Concretely, one could equip \DeclareDocumentCommand with features to
declare "types" (which would probably be elements of the set of
non-terminals, if it is with respect to a BNF grammar) for the
individual arguments of the command being defined. Supposing @{type}
attaches such a declaration to the previous argument, a marked-up
definition of the \linebreak command could look like

\DeclareDocumentCommand{\linebreak}{ O{4}@{number} }...

and a marked-up \makebox could be

\DeclareDocumentCommand{\makebox}{
o @{dimen-with-naturals}
o @{box-pos-hor}
m @{horizontal material}
}...

By making a suitable setting, one could then tell
\DeclareDocumentCommand to output such type mark-up to an external
file, where other tools could pick it up. (The idea here is to make it
so that if you can typeset a document, then you should also have enough
data installed to tell other tools how to parse it, provided of course
that all package authors were careful to mark up their command
declarations.)

Other bits and pieces are needed, e.g. it also needs to be specified
for each declared command where that can be used, but I think the
general idea is clear.

> In another thread (subject: xparse) a possibility of using some kind
> of a preprocessor was mentioned to do the complex data processing
> prior to the typesetting step.

Perhaps not so much "complex" as "convenient". One way to look at
xparse is that it equips LaTeX3 with a macro mechanism that is "more
powerful" (for the non-wizard) than what Plain TeX provides.

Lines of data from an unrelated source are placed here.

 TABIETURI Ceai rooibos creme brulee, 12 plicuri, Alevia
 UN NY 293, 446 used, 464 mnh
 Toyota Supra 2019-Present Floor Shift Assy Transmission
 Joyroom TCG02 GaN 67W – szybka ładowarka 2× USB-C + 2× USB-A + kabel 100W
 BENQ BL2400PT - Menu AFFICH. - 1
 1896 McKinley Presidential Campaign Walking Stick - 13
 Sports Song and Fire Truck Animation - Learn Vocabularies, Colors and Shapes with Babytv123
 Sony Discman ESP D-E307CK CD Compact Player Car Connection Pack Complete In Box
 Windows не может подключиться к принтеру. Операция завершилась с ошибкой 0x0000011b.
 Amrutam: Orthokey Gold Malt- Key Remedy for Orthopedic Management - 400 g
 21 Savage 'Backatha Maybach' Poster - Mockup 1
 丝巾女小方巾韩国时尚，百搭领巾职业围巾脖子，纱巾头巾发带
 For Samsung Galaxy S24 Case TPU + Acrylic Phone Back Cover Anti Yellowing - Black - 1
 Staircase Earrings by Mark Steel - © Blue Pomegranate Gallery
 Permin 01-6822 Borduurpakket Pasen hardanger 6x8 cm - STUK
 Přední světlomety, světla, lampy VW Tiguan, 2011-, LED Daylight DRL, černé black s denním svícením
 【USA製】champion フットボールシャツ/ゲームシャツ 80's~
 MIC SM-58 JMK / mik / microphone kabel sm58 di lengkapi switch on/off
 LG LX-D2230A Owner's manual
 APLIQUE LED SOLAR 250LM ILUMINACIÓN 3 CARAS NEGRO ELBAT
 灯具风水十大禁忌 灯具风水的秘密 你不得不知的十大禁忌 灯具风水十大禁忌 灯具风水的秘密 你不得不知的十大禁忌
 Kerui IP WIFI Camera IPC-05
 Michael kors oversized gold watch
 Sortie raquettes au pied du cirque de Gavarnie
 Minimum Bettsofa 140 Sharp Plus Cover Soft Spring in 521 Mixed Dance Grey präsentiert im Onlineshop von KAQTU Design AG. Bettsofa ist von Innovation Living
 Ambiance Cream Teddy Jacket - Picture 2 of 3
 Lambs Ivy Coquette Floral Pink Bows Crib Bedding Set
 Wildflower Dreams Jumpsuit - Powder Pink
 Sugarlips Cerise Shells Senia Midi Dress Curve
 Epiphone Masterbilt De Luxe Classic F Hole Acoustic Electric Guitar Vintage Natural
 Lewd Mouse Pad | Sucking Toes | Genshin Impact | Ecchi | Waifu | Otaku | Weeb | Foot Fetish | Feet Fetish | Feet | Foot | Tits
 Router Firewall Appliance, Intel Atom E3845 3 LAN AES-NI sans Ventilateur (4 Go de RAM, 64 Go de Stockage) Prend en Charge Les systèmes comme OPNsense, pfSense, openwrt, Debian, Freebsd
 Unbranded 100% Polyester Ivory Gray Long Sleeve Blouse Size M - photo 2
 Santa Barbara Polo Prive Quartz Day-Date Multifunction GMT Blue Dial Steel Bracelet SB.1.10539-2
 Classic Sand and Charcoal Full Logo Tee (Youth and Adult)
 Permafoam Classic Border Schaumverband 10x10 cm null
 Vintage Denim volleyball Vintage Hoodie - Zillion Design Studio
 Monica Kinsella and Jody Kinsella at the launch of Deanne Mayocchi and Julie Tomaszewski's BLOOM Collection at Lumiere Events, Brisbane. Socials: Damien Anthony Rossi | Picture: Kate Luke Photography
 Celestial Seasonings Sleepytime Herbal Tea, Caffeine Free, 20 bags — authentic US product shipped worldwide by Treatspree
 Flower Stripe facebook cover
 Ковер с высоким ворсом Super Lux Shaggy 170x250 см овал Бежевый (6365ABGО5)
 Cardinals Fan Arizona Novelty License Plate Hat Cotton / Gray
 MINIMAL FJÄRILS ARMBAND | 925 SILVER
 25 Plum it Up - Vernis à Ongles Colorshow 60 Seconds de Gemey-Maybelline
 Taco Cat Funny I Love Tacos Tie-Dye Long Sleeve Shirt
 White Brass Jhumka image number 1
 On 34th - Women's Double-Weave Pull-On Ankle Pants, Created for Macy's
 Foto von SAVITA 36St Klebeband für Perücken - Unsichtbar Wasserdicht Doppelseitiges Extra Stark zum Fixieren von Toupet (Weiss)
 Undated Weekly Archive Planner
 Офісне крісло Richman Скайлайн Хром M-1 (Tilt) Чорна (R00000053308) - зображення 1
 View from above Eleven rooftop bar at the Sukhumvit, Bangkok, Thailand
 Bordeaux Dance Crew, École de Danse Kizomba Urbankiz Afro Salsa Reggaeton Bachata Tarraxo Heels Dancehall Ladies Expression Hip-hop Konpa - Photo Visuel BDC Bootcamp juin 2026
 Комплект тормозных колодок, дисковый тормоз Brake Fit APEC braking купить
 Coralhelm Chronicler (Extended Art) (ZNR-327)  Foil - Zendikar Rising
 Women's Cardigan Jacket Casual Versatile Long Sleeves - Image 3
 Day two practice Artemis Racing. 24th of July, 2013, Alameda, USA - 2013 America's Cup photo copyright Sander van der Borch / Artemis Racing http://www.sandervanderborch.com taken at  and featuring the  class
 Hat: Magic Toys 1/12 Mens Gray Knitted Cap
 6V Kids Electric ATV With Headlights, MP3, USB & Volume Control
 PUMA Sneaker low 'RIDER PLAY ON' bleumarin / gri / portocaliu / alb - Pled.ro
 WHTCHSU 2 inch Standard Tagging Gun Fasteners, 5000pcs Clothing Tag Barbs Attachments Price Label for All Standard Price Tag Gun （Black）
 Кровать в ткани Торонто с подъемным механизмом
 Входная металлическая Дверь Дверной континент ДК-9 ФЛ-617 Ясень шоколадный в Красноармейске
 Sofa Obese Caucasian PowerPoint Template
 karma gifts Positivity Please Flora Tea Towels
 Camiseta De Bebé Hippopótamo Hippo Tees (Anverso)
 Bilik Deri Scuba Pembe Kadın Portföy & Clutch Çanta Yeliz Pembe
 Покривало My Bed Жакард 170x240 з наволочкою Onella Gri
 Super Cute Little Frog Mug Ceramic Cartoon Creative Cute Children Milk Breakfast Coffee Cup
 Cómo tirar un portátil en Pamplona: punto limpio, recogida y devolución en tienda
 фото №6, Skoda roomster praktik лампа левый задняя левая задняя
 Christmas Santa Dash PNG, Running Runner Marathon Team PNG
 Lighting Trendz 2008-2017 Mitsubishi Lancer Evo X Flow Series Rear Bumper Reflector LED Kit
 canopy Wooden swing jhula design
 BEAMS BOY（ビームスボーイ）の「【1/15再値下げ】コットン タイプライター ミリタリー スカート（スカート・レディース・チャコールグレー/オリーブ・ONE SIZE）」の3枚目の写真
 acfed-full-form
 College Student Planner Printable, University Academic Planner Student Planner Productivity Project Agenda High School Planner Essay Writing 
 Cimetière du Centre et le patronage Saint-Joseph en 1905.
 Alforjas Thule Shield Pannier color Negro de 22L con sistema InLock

LaTeX2e's
\newcommand added the ability to have one optional argument first, and
the original xparse continued along this line to add more argument
types. Argument processing adds another kind of mechanism (which can be
seen for example in MetaFont), namely to "evaluate" an actual argument
before passing it on to the body. It is rather far from operations on
DOM trees though, if that is what you were thinking about.